Sebaran Duka di Tiga Provinsi
Dampak bencana ini menyebar di 52 wilayah kabupaten/kota di ketiga provinsi. Distribusi korban meninggal per provinsi per Senin (8/12/2025) adalah sebagai berikut:
- Aceh: 389 jiwa meninggal dunia
- Sumatra Utara: 338 jiwa meninggal dunia
- Sumatra Barat: 234 jiwa meninggal dunia
Kabupaten Agam di Sumatra Barat menjadi salah satu wilayah dengan jumlah korban meninggal terbanyak, disusul oleh Tapanuli Selatan (Sumatra Utara), Aceh Timur (Aceh), dan Pidie Jaya (Aceh). Fokus pencarian saat ini berpusat pada titik-titik longsor besar yang menimbun pemukiman dan lokasi di sepanjang aliran sungai yang terdampak banjir bandang.

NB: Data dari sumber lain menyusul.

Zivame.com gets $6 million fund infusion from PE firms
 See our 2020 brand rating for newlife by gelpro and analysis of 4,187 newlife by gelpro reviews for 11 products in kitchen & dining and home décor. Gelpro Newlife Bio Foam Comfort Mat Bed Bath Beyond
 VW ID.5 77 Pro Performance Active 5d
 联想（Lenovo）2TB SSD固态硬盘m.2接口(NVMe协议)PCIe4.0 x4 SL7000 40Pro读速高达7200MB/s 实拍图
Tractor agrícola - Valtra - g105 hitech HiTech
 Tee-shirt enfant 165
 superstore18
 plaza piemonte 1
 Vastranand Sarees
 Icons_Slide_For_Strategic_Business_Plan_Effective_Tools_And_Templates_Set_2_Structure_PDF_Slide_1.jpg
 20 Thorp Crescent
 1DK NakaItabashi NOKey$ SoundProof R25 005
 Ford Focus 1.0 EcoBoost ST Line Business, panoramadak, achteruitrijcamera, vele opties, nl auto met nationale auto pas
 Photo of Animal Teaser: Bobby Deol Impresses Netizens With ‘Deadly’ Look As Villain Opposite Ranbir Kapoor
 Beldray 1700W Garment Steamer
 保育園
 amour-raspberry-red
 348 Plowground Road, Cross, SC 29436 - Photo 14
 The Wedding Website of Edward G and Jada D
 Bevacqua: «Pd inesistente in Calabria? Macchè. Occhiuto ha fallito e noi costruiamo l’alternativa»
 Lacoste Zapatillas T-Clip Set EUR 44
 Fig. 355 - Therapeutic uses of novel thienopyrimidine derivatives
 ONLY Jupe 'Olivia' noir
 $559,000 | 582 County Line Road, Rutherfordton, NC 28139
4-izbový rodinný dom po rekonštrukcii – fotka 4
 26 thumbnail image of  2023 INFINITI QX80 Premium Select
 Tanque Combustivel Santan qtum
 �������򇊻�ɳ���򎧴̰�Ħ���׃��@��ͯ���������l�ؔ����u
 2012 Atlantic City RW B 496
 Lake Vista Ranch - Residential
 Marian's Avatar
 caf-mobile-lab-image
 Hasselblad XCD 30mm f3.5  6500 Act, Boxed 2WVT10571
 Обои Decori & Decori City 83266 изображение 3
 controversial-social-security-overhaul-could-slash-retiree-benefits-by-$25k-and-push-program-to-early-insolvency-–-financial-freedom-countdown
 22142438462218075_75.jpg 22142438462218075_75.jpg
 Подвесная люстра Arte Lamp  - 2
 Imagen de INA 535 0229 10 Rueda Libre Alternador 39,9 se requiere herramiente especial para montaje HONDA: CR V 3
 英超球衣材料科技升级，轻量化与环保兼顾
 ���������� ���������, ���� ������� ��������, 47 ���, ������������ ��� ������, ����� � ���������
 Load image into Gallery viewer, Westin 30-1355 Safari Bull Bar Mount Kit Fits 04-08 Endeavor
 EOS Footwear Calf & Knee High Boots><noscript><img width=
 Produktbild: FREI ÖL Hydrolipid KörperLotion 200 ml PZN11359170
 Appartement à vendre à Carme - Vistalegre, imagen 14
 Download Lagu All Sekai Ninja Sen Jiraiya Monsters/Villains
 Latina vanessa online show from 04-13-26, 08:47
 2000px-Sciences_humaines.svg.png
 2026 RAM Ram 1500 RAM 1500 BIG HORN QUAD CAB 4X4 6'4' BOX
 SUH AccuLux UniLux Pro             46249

Kerusakan Infrastruktur Mencapai Skala Masif
Tidak hanya menimbulkan korban jiwa, bencana ini juga melumpuhkan kehidupan dan infrastruktur di wilayah terdampak. BNPB mencatat kerugian material yang sangat besar, dengan rincian:
- Rumah Rusak: Lebih dari 157.600 unit, mulai dari rusak ringan hingga hancur total.
- Fasilitas Umum: 1.300 unit rusak.
- Fasilitas Kesehatan: 199 unit rusak.
- Fasilitas Pendidikan: 697 unit rusak, termasuk sekolah dasar hingga perguruan tinggi, memaksa ratusan ribu siswa belajar di tenda darurat.
- Jembatan: 405 unit rusak, yang menyebabkan banyak wilayah terisolasi dan menghambat distribusi bantuan.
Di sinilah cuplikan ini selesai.